Our group places a high value on collaboration, both within our group, our school, and in the broader community. By learning and challenging one another we build a deeper understanding of the Earth around us, and a more respectful workplace that is inclusive for all. We are excited by colleagues who can work independently and yet know when to ask for help; who have a good sense of humor; who possess a healthy dose of passion for what they are doing; who have creative ways of figuring out problems; and of course like to work hard (and cold beer).
FOR FUTURE STUDENT COLLEAGUES:
The Jackson School of Geosciences comprises three different research units composed of several hundred scientists. We get hundreds of graduate student applicants each year. Thus, in order for me to find you in the stack of applicants, it is helpful for you to write me inquiring of any possible graduate opportunities. Further, this begins a dialogue between us that gives me a sense of how we might work together. Field opportunities may be available but are not a consistent part of everyone’s research. There are many exciting things are being done using the wealth of available remote sensing data and new modeling techniques, and these skills would prepare you better for the modern job market.
The primary qualities I look for in graduate students is the ability to think independently, enthusiasm, drive for research, easy-going nature, and strong quantitative and/or computational skills. You don’t necessarily have to have these skills already, but a desire to learn them will be rewarded over your lifetime. I also look for a strong match between my research interests and those of any prospective student. You should therefore have thought a bit about why you want to pursue a PhD in glaciology. Particularly, when the field is not necessarily hiring at the pace of graduation rates. Specifically, I would like to know what aspects of glaciology are most exciting to you. What do you think is the most relevant research currently in glaciology? The first critical step is to develop a project that really excites both of us. I also want to know your career goals and what skills you would like to develop while in graduate school. By providing me a sense of where you want to eventually be, we can collaboratively develop your skill set and expertise to meet that goal.
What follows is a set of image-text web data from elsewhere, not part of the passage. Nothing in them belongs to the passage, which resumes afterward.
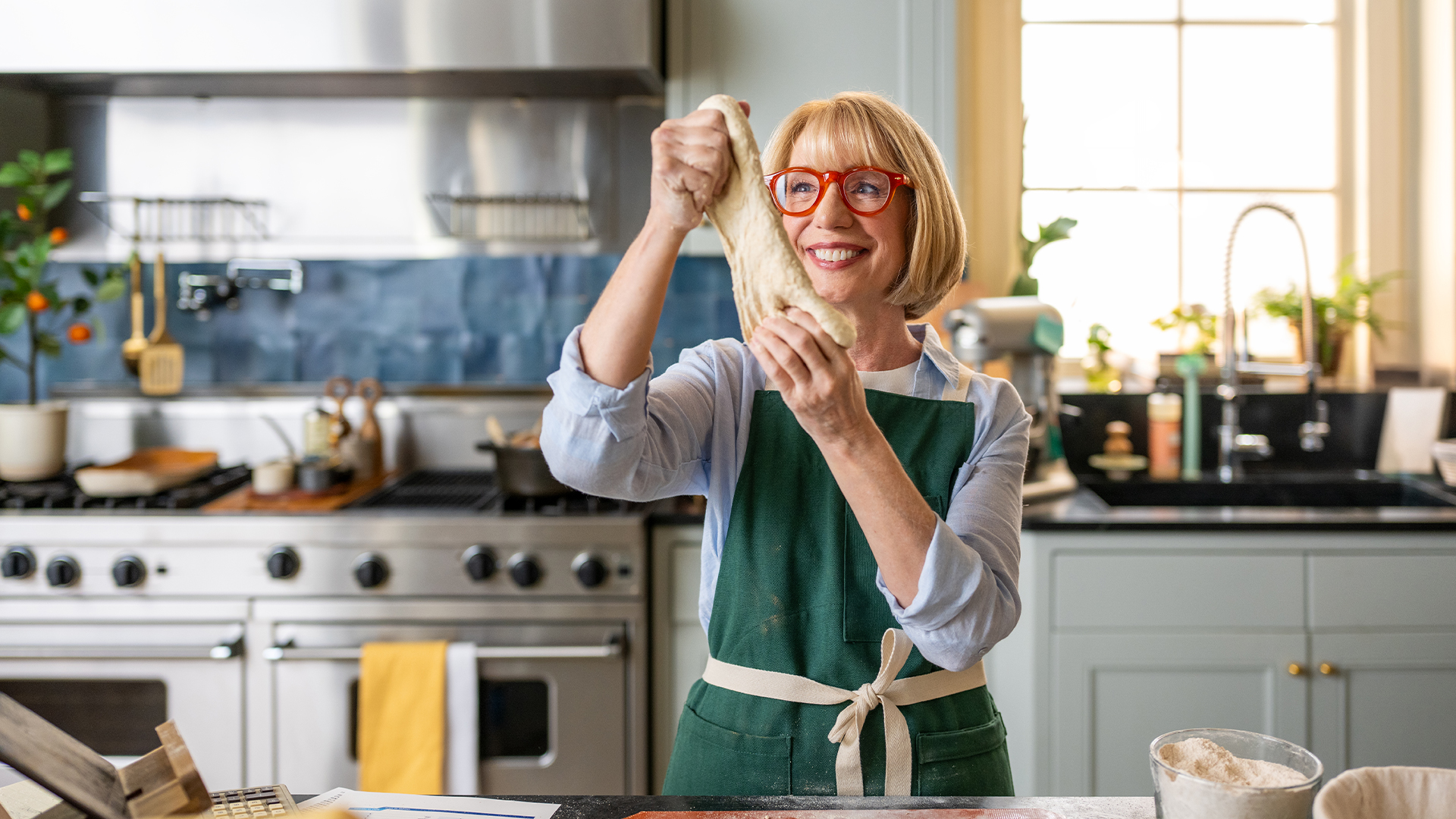 Elderly woman stretching out dough in her kitchen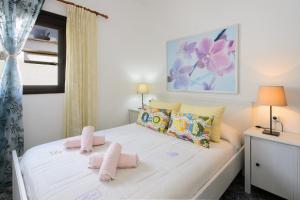 a bedroom with a white bed with pink towels on it at Caleta Blue House - Macaronesiahome in Caleta de Caballo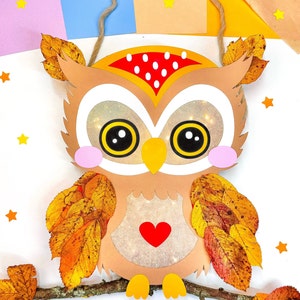 May include: A brown paper owl with large eyes, a red heart, and yellow feet. The owl is decorated with fall leaves and is hanging from a string.
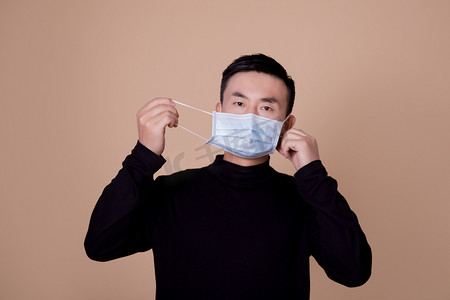 生病感冒防疫戴口罩的男人病毒摄影图配图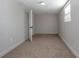 Bedroom featuring neutral carpet, a window, and ample lighting at 852 Derbyshire Rd, Daytona Beach, FL 32117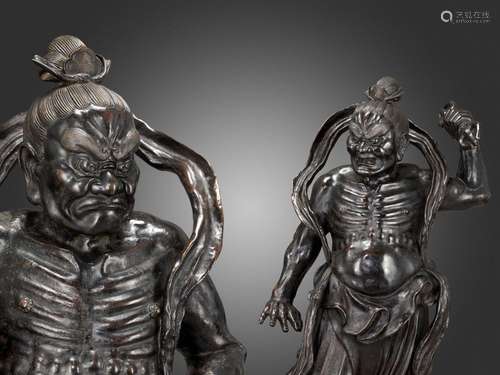 † A PAIR OF MONUMENTAL BRONZE NIO GUARDIANS, DATED 1783 BY I...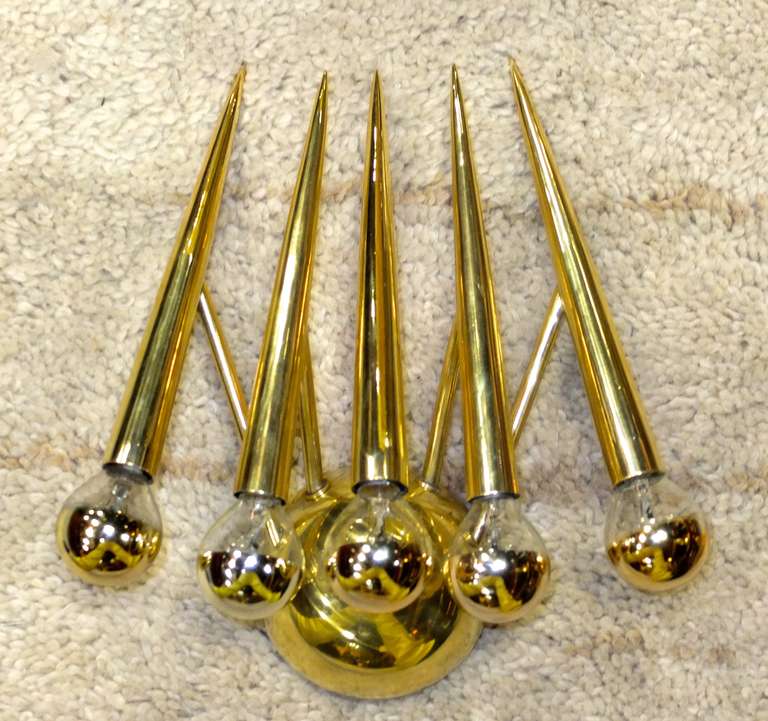 Most unusual but extremely well constructed Italian 1950's wall sconce consisting of a half sphere mount and five ling tapered inverted cones with pointed ends directed towards one another almost in salute. Possibly Stilnovo but most definitely an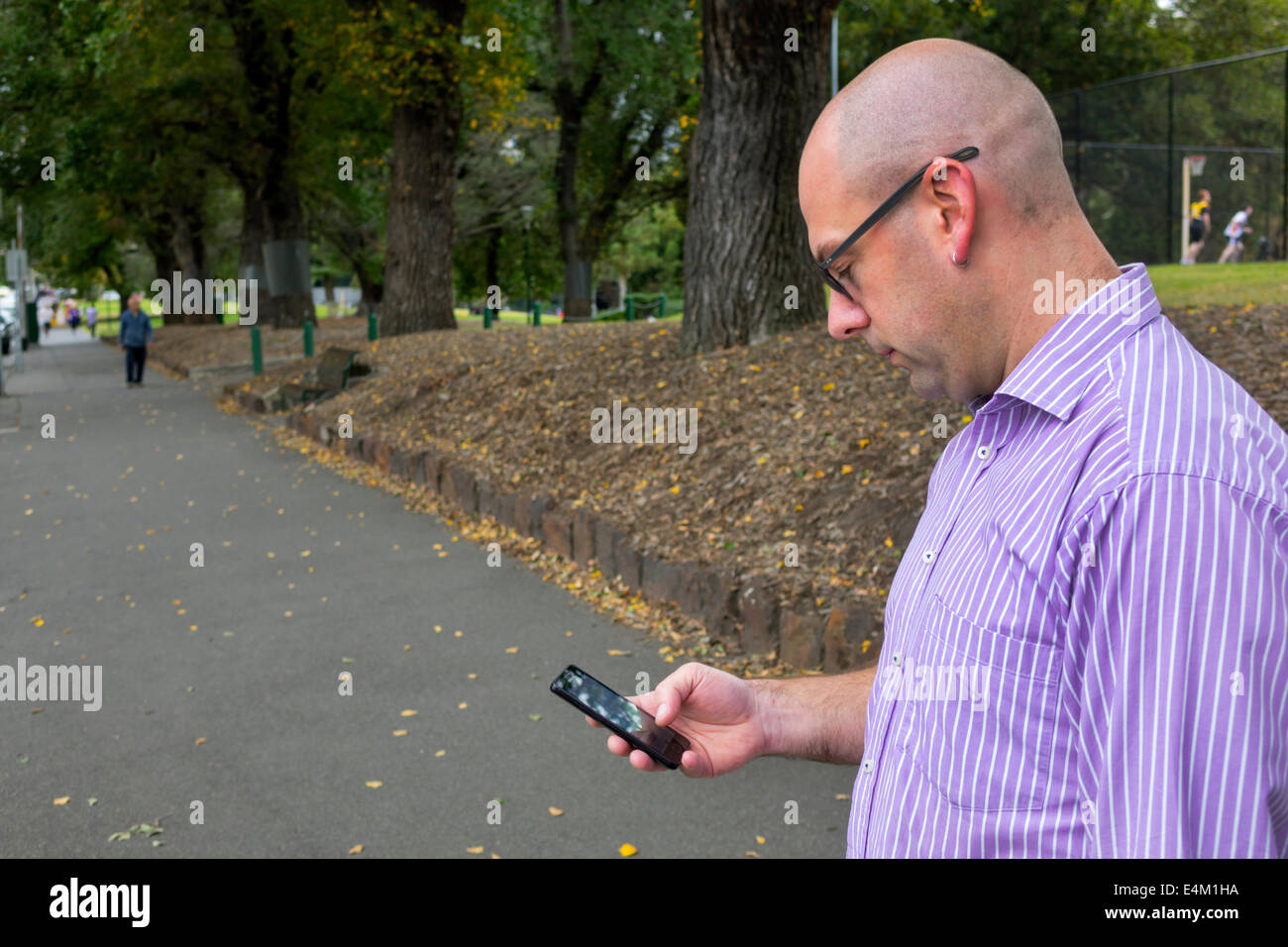 Melbourne Australia,Victoria Flagstaff Gardens,city park,adult adults man men male,smartphone smartphones mobile cell smart phone phones,checking look Stock Photo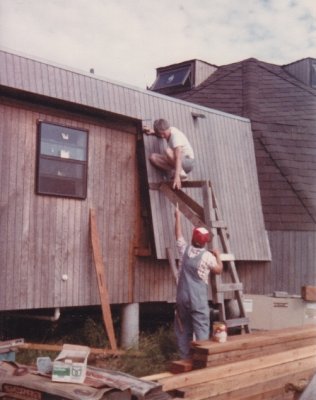 With materials delivered for the back porch, Steve and Dad start construction by closing off the edge of the roof overhang to keep out the elements--and, eventually, squirrels.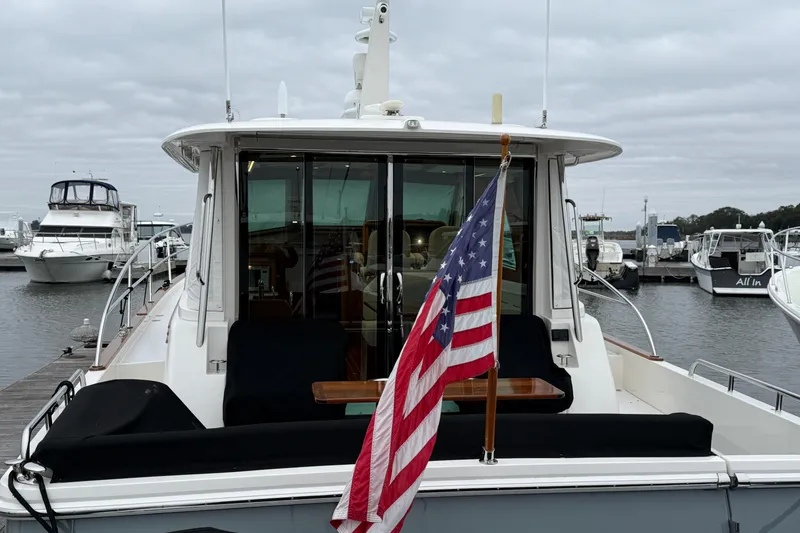Slide: The Image of 2023 Sabre 43 Salon Express yacht docked with American flag, overcast sky. - 3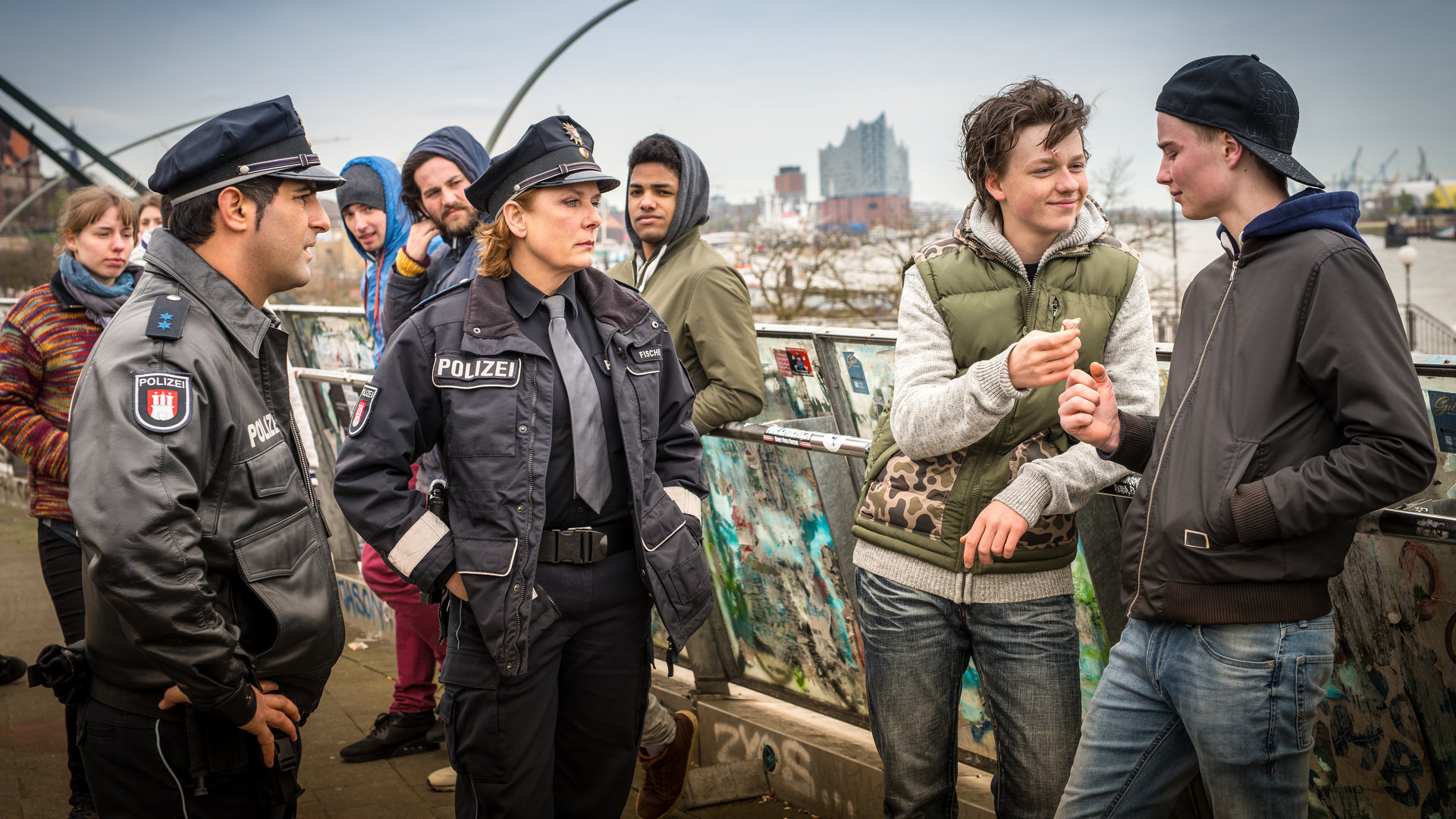"Notruf Hafenkante - Die Nervensäge": Mit fassungslosem Gesichtsausdruck stehen die Polizisten Tarik Coban (Serhat Cokgezen) und Claudia Fischer (Janette Rauch) vor Dustin Neumann (Jeremias Meyer). Der lehnt lässig an einem mit Graffiti besprühten Geländer neben einem Jugendlichen (Komparse) und hält grinsend einen Geldschein in der rechten Hand.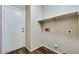 Laundry room with wood-look flooring, storage shelves, and utility connections at 16188 W Boca Raton Rd, Surprise, AZ 85379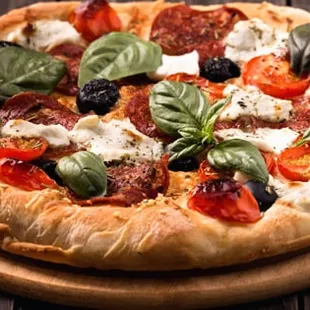 a pizza on a wooden board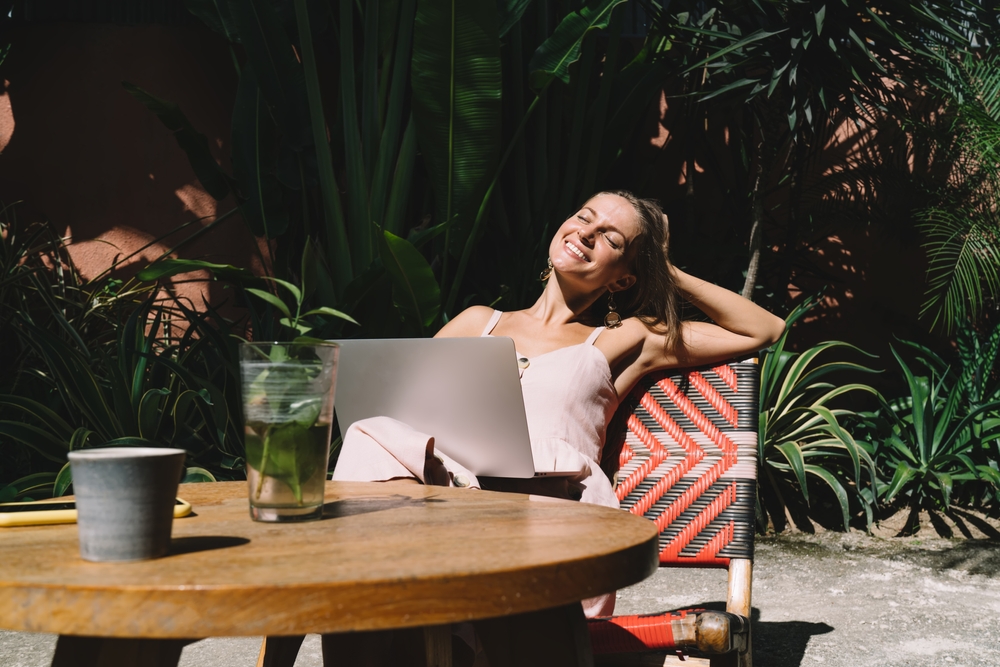 Digital nomad smiling and working in the sun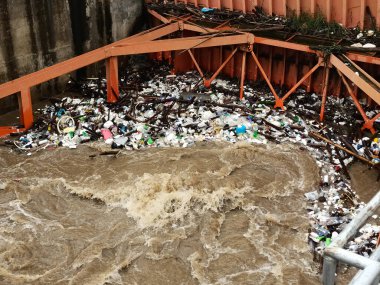 Yağmur mevsiminde kurak dallar ve Kuzey Tayland 'ın kırsal kesimindeki bir baraj kapısındaki plastik atıklarla su taşarken, beton baraj drenaj kanalları tarafından serbest bırakılan kubbeli kahverengi orman suyunun hava manzarası..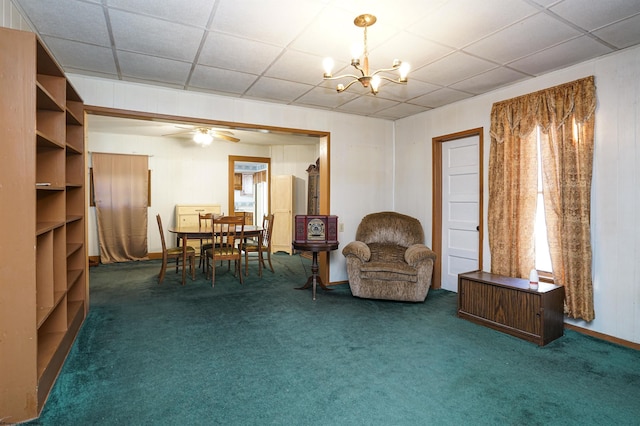 living area with a paneled ceiling, dark carpet, and ceiling fan with notable chandelier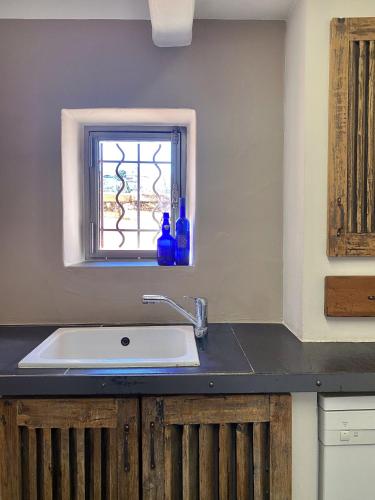 un comptoir de cuisine avec un évier et une fenêtre dans l'établissement Maison atypique proche Luberon et Avignon, à Châteauneuf-de-Gadagne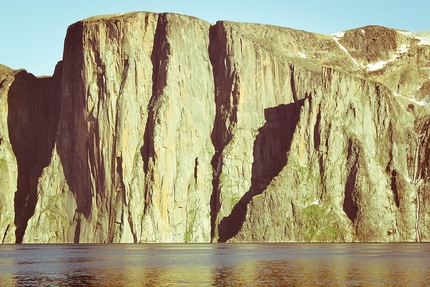 The Arctic Project - Greenland - El Cap by the sea? The 850m Impossible wall bathed in midnight sun.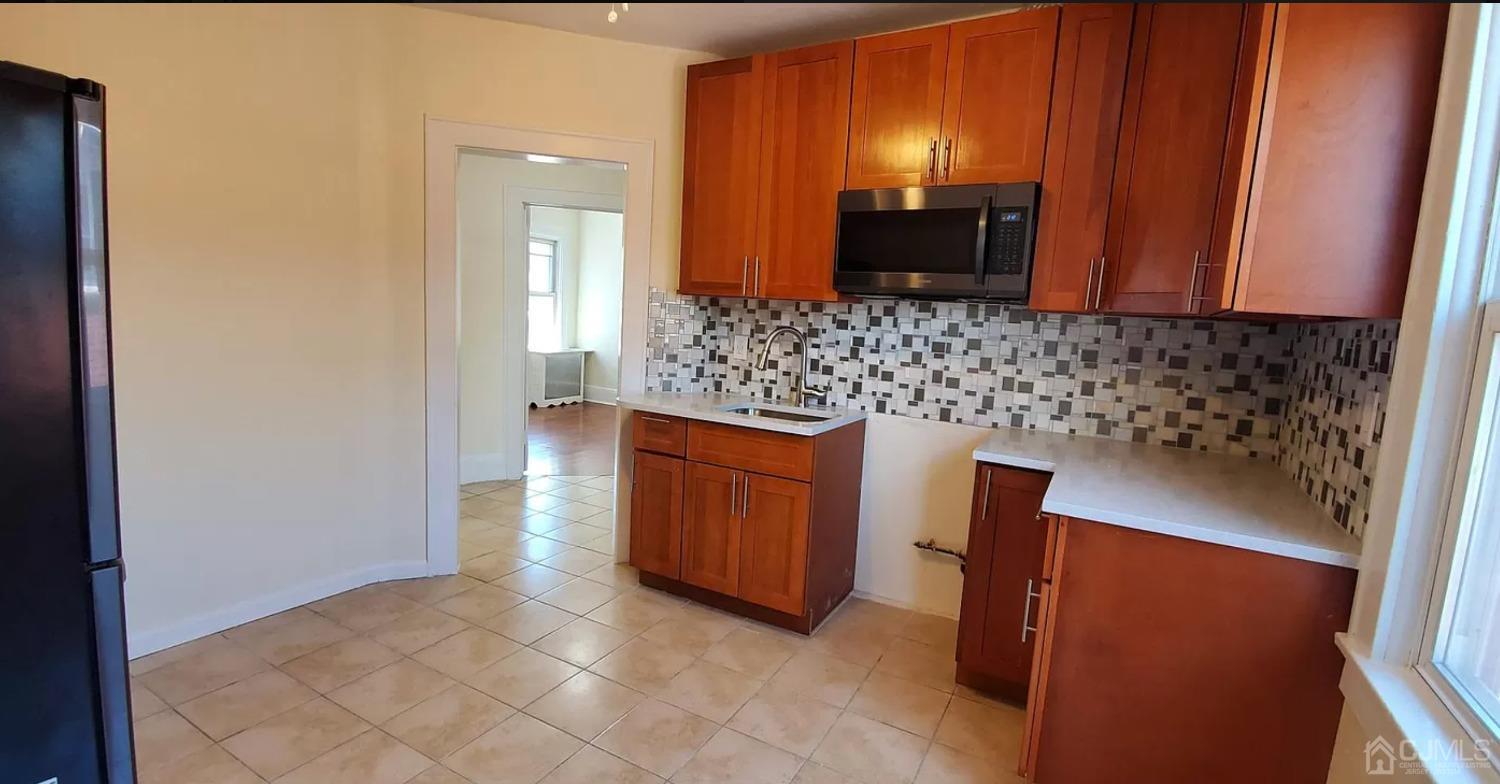 116 Race Street Elizabeth, NJ 07202 - Photo 5 of 7 a bathroom with a sink and a mirror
While your academic pedigree and GPA/GRE scores matter, they are considered less than the types of courses you have had. That said, there are still graduate program requirements for all student admissions. So please send a transcript (unofficial is fine) so that we can rule out any possible problems. I look for someone who desires to have a rigorous, quantitative understanding of earth sciences and prefer more math, physics and computer science than general education courses. It is also preferred that you have some research experience so that you are more adequately prepared for the shift from a course-centric undergrad career to a research-centric graduate career. If you can, please send any research papers you have written (e.g. class research projects, published papers).